Evernorth: A Step Towards Institutional Adoption
One of the most ambitious initiatives within the XRP ecosystem is Evernorth, a new company backed by Ripple and some of its key investors. Michel highlighted that Evernorth plans to become the largest publicly listed XRP treasury, with an initial backing of $1 billion. This project intends to directly purchase XRP from the market, signaling a clear move towards institutional adoption and long-term price stability.
The launch of Evernorth is seen as a strategic step for Ripple, designed to foster greater institutional involvement in the XRP market. By directly acquiring XRP with institutional backing, Evernorth aims to create a solid foundation for the currency’s future growth. This initiative could help drive demand for XRP, potentially stabilizing its price and facilitating its mainstream adoption.
Long-Term Outlook for XRP
Looking ahead, Michel remains optimistic about XRP’s future performance. He forecasts that, once the regulatory environment stabilizes and ETF approvals are granted, XRP’s price could rise significantly, moving from its current level of $2.40 to as high as $6, $7, $8, or even $9. Michel’s long-term outlook on XRP is bullish, driven by the growing adoption of its ecosystem and its increasing use in both traditional and decentralized financial markets.

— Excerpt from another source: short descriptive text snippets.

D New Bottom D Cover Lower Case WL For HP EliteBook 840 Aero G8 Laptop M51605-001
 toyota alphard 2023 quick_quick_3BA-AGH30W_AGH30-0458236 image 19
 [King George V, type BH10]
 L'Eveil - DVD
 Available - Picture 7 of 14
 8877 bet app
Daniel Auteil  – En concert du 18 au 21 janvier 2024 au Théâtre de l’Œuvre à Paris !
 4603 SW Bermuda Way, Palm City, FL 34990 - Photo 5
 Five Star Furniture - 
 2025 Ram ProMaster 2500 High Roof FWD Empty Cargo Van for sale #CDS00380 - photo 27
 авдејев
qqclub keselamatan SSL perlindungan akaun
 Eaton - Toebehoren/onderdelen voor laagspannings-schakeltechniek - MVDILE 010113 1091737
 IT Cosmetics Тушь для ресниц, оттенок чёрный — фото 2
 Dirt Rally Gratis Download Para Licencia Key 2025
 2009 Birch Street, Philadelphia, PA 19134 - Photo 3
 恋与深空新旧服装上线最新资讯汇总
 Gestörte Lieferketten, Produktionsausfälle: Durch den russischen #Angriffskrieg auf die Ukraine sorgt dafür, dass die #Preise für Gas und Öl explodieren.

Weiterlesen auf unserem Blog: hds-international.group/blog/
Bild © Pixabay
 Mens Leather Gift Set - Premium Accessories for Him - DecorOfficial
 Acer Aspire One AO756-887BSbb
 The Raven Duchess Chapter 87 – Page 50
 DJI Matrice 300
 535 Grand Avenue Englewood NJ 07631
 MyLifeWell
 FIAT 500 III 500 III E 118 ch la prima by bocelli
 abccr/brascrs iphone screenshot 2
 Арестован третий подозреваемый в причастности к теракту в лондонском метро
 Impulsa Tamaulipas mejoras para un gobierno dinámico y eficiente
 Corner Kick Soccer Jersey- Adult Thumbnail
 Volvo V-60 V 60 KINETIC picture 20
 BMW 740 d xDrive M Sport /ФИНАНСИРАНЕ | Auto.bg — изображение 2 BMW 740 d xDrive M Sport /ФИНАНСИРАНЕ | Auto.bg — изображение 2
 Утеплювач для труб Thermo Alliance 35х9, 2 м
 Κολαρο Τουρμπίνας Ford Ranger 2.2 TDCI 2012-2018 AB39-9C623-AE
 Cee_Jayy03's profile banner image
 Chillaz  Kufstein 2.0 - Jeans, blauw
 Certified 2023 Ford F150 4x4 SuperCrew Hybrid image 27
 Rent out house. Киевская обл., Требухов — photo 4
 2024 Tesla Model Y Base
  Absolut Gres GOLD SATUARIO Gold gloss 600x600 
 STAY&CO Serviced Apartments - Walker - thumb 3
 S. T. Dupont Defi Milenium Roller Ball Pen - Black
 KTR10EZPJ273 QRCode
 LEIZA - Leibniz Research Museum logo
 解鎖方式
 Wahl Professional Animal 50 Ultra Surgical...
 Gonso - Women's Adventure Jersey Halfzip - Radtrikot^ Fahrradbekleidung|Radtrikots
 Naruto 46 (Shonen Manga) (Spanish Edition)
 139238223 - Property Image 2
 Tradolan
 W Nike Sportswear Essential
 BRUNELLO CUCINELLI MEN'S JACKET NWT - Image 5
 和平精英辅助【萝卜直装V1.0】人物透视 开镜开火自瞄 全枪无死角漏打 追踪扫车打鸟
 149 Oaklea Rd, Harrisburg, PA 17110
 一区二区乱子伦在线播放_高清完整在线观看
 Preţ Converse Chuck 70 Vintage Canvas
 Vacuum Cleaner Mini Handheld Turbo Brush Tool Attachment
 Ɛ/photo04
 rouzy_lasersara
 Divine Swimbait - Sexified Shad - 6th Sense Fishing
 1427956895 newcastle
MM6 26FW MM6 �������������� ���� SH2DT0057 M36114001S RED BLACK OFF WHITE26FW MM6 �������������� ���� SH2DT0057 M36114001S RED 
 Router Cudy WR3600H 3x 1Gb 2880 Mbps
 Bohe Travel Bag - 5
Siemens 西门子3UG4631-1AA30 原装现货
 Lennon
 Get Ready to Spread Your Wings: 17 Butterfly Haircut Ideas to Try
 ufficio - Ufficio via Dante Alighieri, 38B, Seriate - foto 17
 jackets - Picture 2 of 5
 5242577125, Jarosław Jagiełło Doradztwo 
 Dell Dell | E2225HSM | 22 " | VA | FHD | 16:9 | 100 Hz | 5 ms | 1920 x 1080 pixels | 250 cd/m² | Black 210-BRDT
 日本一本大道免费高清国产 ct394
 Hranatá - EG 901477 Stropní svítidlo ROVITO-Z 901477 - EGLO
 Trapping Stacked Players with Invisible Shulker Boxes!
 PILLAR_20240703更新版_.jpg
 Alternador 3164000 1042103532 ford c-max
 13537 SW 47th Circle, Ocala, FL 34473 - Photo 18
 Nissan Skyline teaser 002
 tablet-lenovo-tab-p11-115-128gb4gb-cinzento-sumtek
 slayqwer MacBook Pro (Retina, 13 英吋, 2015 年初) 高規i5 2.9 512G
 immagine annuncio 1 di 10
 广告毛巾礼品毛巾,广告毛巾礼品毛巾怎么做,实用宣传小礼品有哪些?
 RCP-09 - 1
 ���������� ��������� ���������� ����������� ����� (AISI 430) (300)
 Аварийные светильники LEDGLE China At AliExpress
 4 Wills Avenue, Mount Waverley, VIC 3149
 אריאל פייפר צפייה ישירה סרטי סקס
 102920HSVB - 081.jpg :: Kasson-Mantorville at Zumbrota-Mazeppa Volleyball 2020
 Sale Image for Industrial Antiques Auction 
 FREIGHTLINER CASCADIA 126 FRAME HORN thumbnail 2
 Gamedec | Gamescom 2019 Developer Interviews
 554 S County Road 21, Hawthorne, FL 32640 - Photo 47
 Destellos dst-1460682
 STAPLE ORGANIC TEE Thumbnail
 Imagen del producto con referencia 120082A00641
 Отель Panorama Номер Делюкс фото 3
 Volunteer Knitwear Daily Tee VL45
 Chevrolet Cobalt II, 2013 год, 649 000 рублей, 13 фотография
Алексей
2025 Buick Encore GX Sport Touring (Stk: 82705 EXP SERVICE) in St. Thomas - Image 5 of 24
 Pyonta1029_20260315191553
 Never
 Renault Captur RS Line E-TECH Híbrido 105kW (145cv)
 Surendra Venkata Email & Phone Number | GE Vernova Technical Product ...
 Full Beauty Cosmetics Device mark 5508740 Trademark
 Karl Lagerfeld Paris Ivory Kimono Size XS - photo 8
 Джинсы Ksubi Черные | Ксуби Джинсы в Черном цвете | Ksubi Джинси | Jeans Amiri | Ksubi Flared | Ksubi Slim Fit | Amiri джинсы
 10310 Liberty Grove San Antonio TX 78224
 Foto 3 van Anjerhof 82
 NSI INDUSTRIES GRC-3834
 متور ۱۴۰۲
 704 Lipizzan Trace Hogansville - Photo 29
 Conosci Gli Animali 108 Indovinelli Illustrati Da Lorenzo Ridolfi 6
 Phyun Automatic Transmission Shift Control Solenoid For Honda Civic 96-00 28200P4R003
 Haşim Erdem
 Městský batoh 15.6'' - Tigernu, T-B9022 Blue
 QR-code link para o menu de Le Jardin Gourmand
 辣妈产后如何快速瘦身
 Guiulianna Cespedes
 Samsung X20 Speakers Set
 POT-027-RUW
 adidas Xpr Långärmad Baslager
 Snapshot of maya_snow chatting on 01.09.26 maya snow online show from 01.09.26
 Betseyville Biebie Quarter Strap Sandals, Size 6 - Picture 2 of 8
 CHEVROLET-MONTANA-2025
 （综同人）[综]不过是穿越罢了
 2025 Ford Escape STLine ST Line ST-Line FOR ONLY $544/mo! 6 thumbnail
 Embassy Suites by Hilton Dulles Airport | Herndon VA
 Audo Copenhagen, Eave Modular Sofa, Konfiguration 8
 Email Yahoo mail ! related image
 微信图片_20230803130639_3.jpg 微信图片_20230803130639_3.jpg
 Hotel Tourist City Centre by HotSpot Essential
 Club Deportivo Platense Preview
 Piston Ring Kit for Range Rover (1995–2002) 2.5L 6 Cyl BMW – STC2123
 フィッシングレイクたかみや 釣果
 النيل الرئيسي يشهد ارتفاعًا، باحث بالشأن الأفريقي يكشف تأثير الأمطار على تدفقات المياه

Despite the short-term challenges, Michel’s confidence in XRP’s ability to overcome them is unwavering. He sees XRP not just as a cryptocurrency but as a key component of the global financial system — an infrastructure that is becoming increasingly relevant in today’s evolving financial landscape.
Conclusion
XRP’s true value lies not only in its price movements but in its broader role within the financial ecosystem. As Michel points out, Ripple’s technology is rapidly transforming the way traditional financial institutions operate, while the addition of institutional projects like Evernorth signals the growing legitimacy and utility of XRP in the long run. For investors and market participants, XRP represents more than just a coin — it is an integral part of the financial infrastructure of the future. With ongoing developments, regulatory clarity, and broader institutional adoption, the potential for XRP’s growth remains immense.